I can see many parallels here with other threads in the debate about the future. These threads share the characteristic of eschewing linearity, exemplified by hierarchical "command and control" structures in favor of networks of autonomous units.**

The "good governance" narrative, for example, predicated on public participation, and promoting access to information, transparency in decision-making processes, and involvement of all stakeholders in decisions. The "information and communications technology revolution" narrative revels in the evolution of communication from "one to one" and and "one to many" to "many to many" through social networking. Social networking, it would appear, is antithetical to command and control systems, such that despotic regimes are now faced with a stark choice - to share power or turn off the lights.

Over coming days, I want to consider ways in which the network approach applies to international development.
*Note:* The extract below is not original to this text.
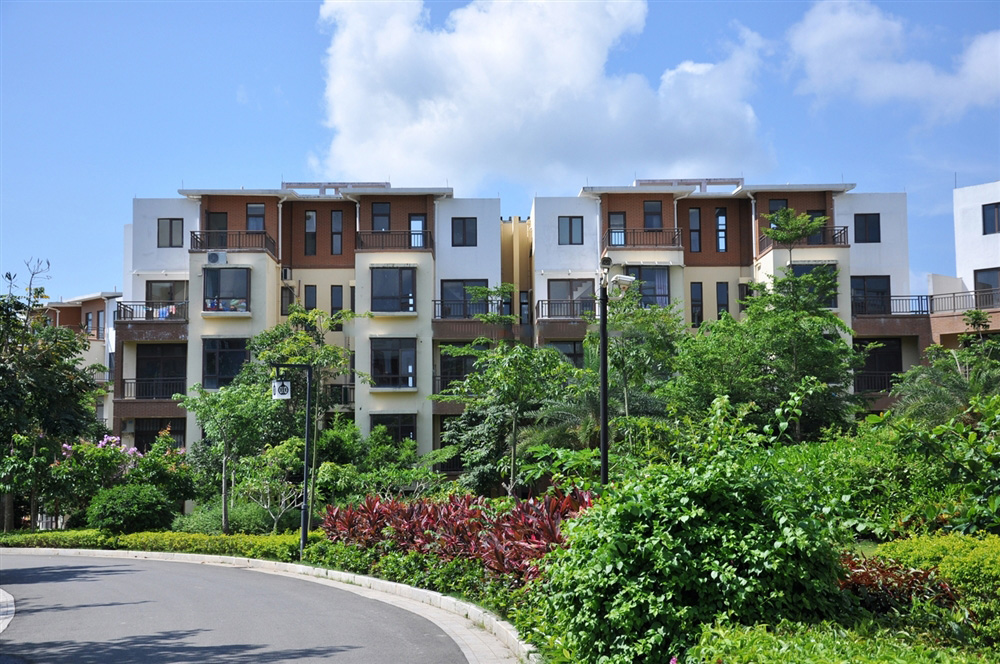 小区绿化实景13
Is the war on poverty being left behind - a vestige of linear thinking in a networked world? Is it evolving in ways that the old school doesn't recognize? Or is the netwar on poverty in full swing? In other words, what can we learn from the warning of the Royal Academy of Engineering about vulnerability of key control points, and how can we apply that to processes like certification.

* The expression was coined earlier by Lord Cameron of Dillington, a farmer and first head of the UK Countryside Commission, according to the Daily Mail.

**  In the United States, my home country, the tension between "command and control" and autonomous units, was present at the founding of the nation. The correct balance of local control and national authority remains a hotly debated topic.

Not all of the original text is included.